Témoignage de Robert Antelme

L'Espèce humaine, Gallimard, 1996

Robert Antelme est philosophe. Entré en résistance, il est arrêté et déporté à Buchenwald puis transféré au Kommando de Gandersheim, constitué dʼenviron 500 détenus. En 1947, il rédige un témoignage sous la forme dʼune réflexion sur la condition du déporté dans lʼunivers concentrationnaire.

Les dimensions seules de notre Kommando entraînaient le contact étroit entre les détenus et l'appareil directeur SS. Le rôle des intermédiaires était dʼavance réduit au minimum.

Il se trouve qu'à Gandersheim, l'appareil intermédiaire était entièrement constitué par des détenus allemands de droit commun. Nous étions donc cinq cents hommes environ, qui ne pouvions éviter d'être en contact avec les SS, et encadrés non par des politiques, mais par des assassins, des voleurs, des escrocs, des sadiques ou des trafiquants de marché noir. Ceux-ci, sous les ordres des SS, ont été nos maîtres directs et absolus.

Il importe de marquer que la lutte pour le pouvoir entre les détenus politiques et les détenus de droit commun n'a jamais pris le sens d'une lutte entre deux factions qui auraient brigué le pouvoir. C'était la lutte entre des hommes dont le but était d'instaurer une légalité, dans la mesure où une légalité était encore possible dans une société conçue comme infernale, et des hommes dont le but était d'éviter à tout prix l'instauration de cette légalité, parce qu'ils pouvaient seulement fructifier dans une société sans lois. Sous eux ne pouvait régner que la loi SS toute nue. Pour vivre, et même bien vivre, ils ne pouvaient être amenés qu'à aggraver la loi SS. Ils ont joué en ce sens un rôle de provocateurs. Ils ont provoqué et maintenu parmi nous avec un acharnement et une logique remarquables l'état d'anarchie qui leur était nécessaire. Ils jouaient parfaitement le jeu. Non seulement ils s'affirmaient ainsi aux yeux des SS comme différents de nous par nature, ils apparaissaient aussi à leurs yeux comme des auxiliaires indispensables et méritaient effectivement de bien vivre. Affamer un homme pour avoir à le punir ensuite parce qu'il vole des épluchures et, de ce fait, mériter la récompense du SS et, par exemple, obtenir en récompense la soupe supplémentaire qui affamera davantage l'homme, tel était le schéma de leur tactique.
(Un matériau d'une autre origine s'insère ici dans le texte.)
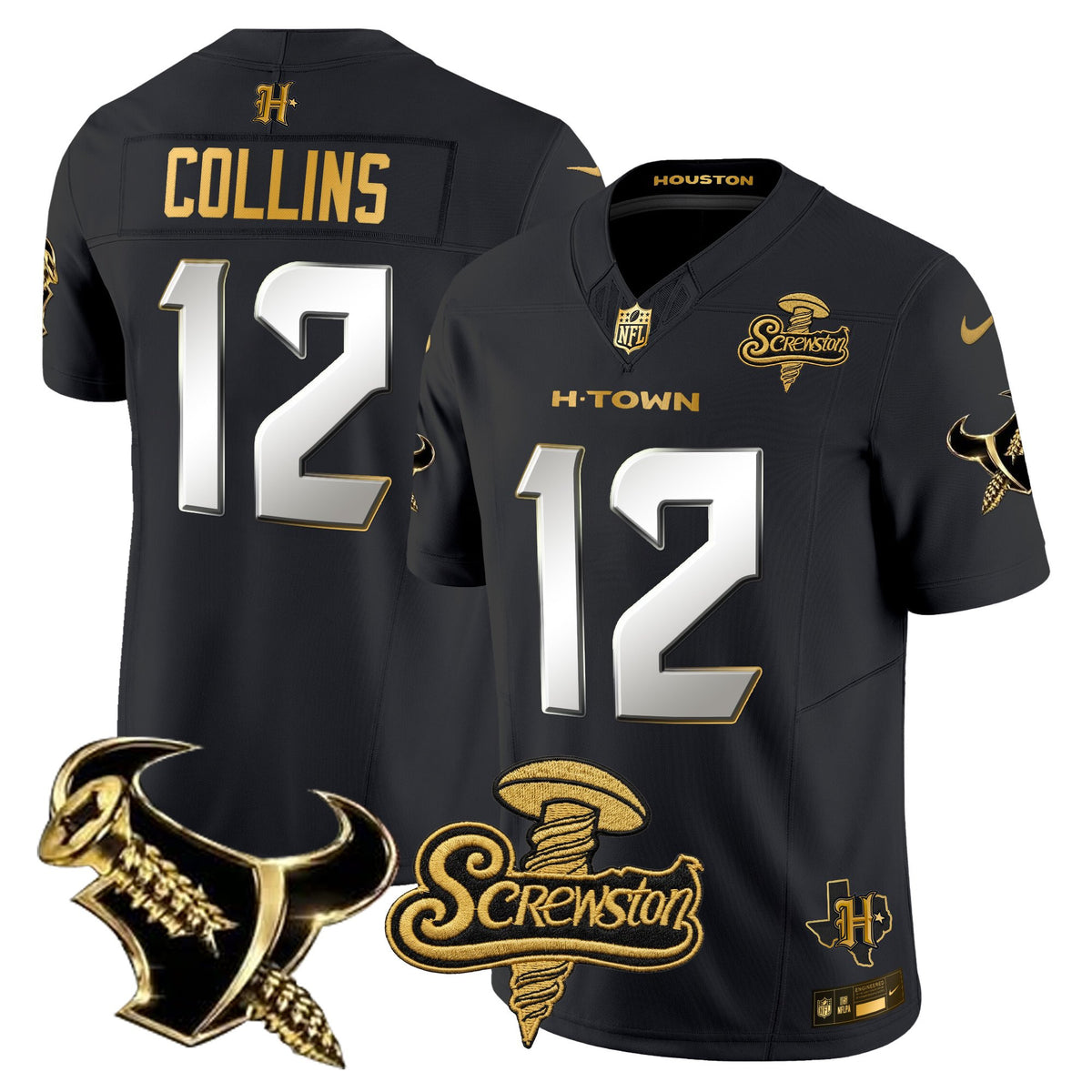 Men's Houston Texans DJ Screw Gold Vapor Limited Jersey - All Stitched - Black Limited - Nico Collins — view 1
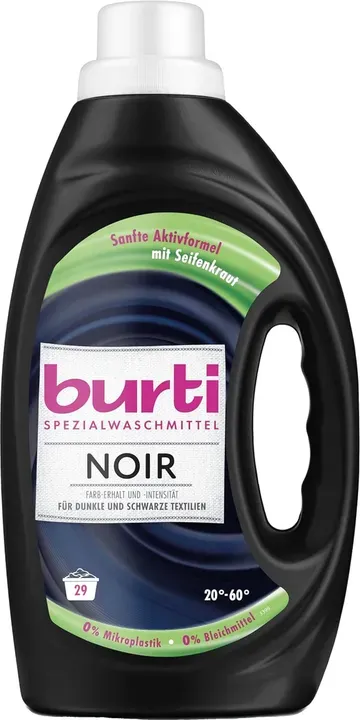 burti NOIR Feinwaschmittel – Black Waschmittel flüssig ohne Bleichmittel & Weichspüler - Fleckenentferner - 29 Wäschen – Farb- & Faserschutz für dunkle Textilien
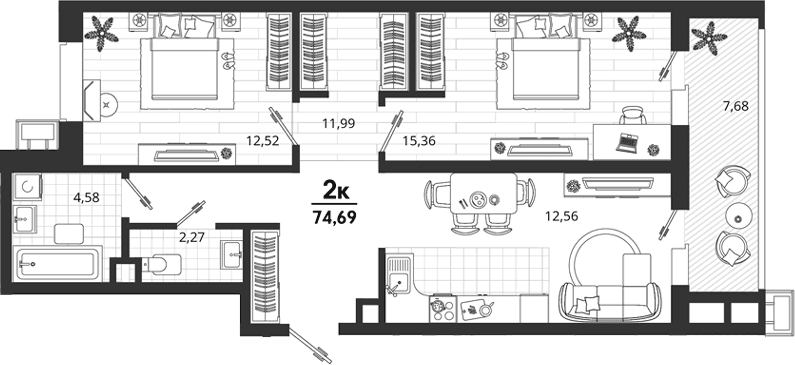 Продается 2-комн. квартира, 67.01 м²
Notre situation ne peut donc être assimilée à celle des détenus qui se trouvaient dans des camps ou dans des Kommandos ayant pour responsables des politiques. Même lorsque ces responsables politiques, comme il est arrivé, s'étaient laissés corrompre, il était rare qu'ils n'aient pas gardé un certain sens de l'ancienne solidarité et une haine de l'ennemi commun qui les empêchaient d'aller aux extrémités auxquelles se livraient sans retenue les droit commun.

A Gandersheim, nos responsables étaient nos ennemis.

L'appareil administratif étant donc l'instrument, encore aiguisé, de l'oppression SS, la lutte collective était vouée à l'échec. L'échec, c'était le lent assassinat par les SS et les Kapos réunis. Toutes les tentatives que certains d'entre nous entreprirent furent vaines.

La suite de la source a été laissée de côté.